• _Description of the task_: Each line in the material below, starting at the one that contains "Rosira - Handkette" and ending at the one that contains "Promotional metal enamel Badge Lapel Pin", should be repeated exactly; the pictures should not.

• _Supplied records_:

+++

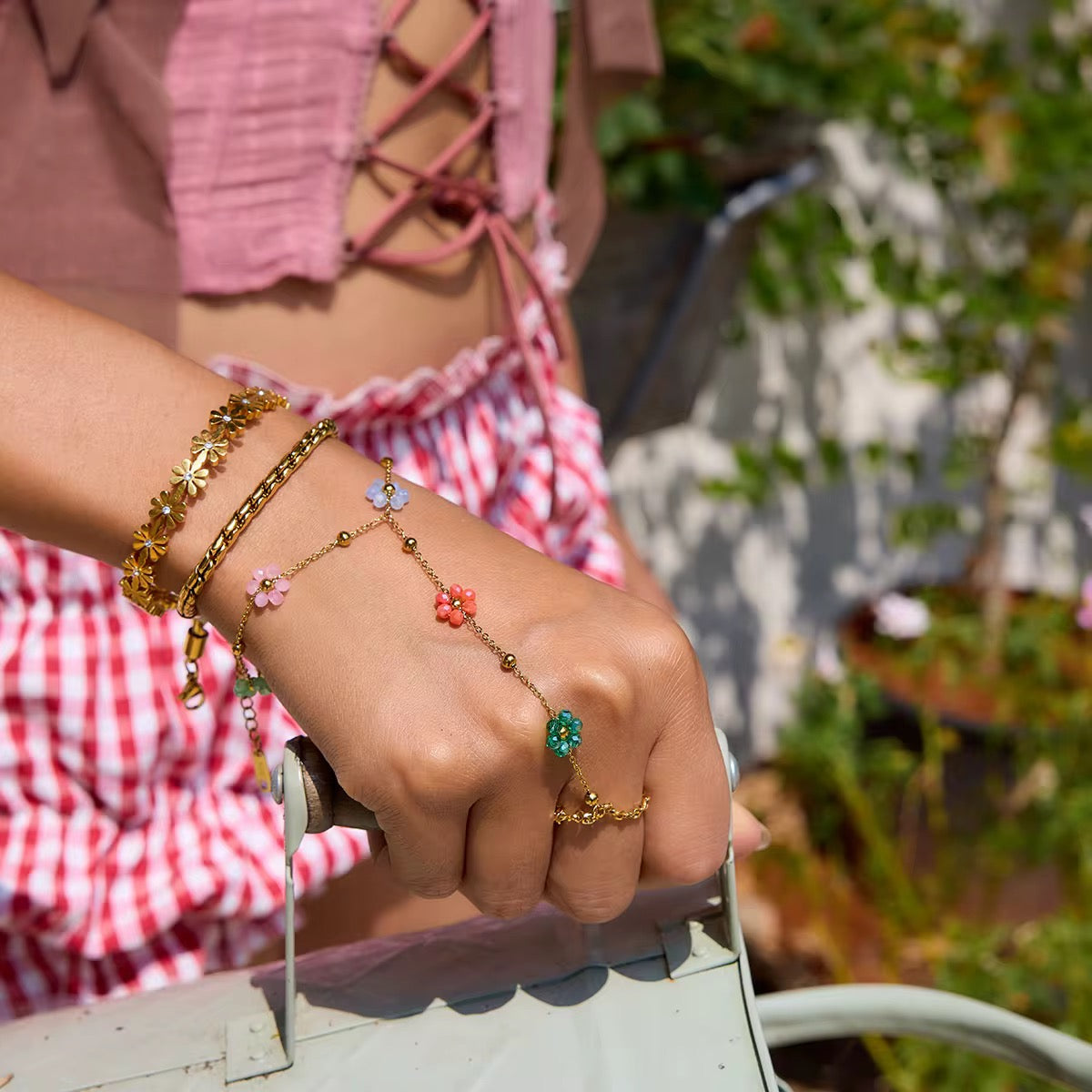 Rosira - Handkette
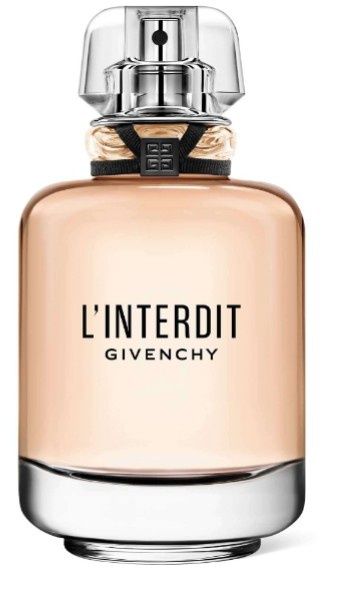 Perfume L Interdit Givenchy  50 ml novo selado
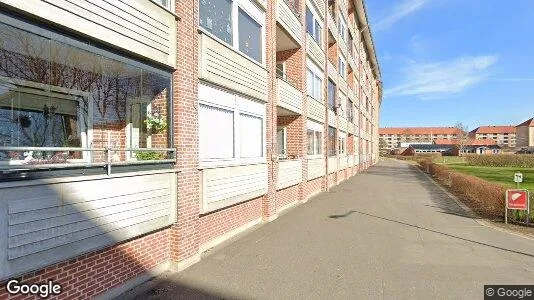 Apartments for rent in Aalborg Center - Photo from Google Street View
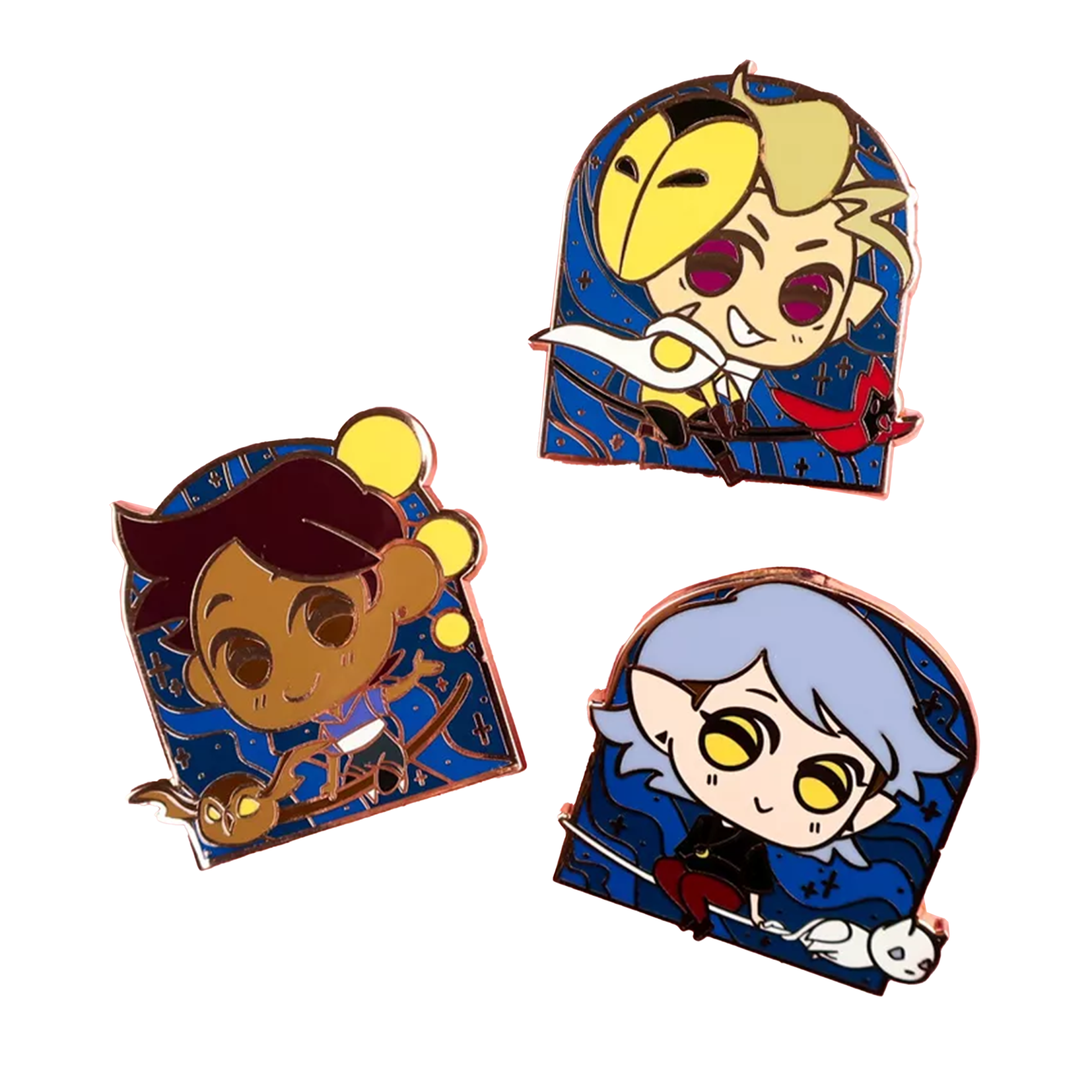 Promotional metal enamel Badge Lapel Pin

+++

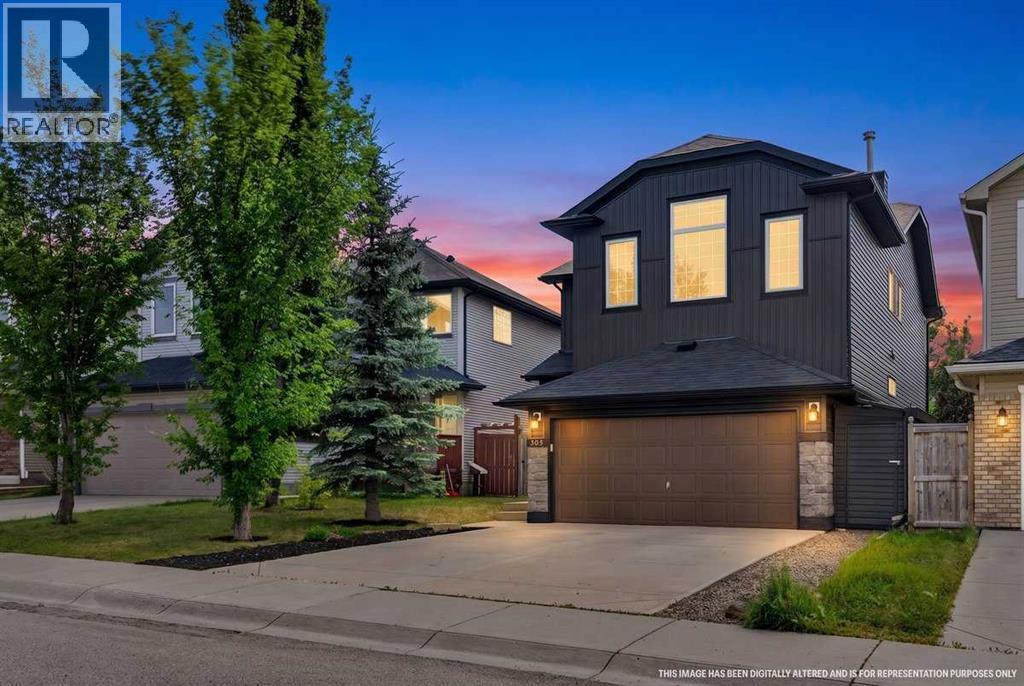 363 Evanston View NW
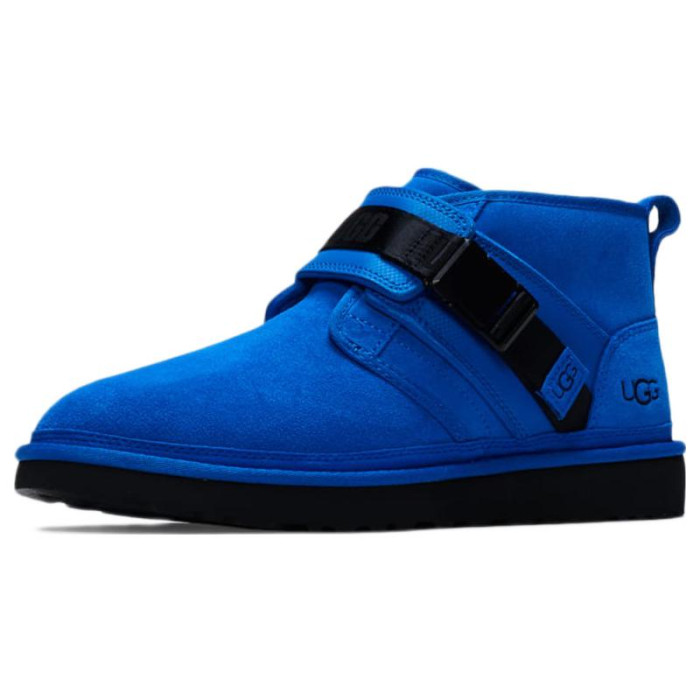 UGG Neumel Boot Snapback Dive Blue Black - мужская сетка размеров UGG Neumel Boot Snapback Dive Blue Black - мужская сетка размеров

+++

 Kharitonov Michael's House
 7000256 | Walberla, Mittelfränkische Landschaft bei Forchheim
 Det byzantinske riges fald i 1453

+++

• _Solution to this task_:
 Rosira - Handkette
 Perfume L Interdit Givenchy  50 ml novo selado
 Apartments for rent in Aalborg Center - Photo from Google Street View
 Promotional metal enamel Badge Lapel Pin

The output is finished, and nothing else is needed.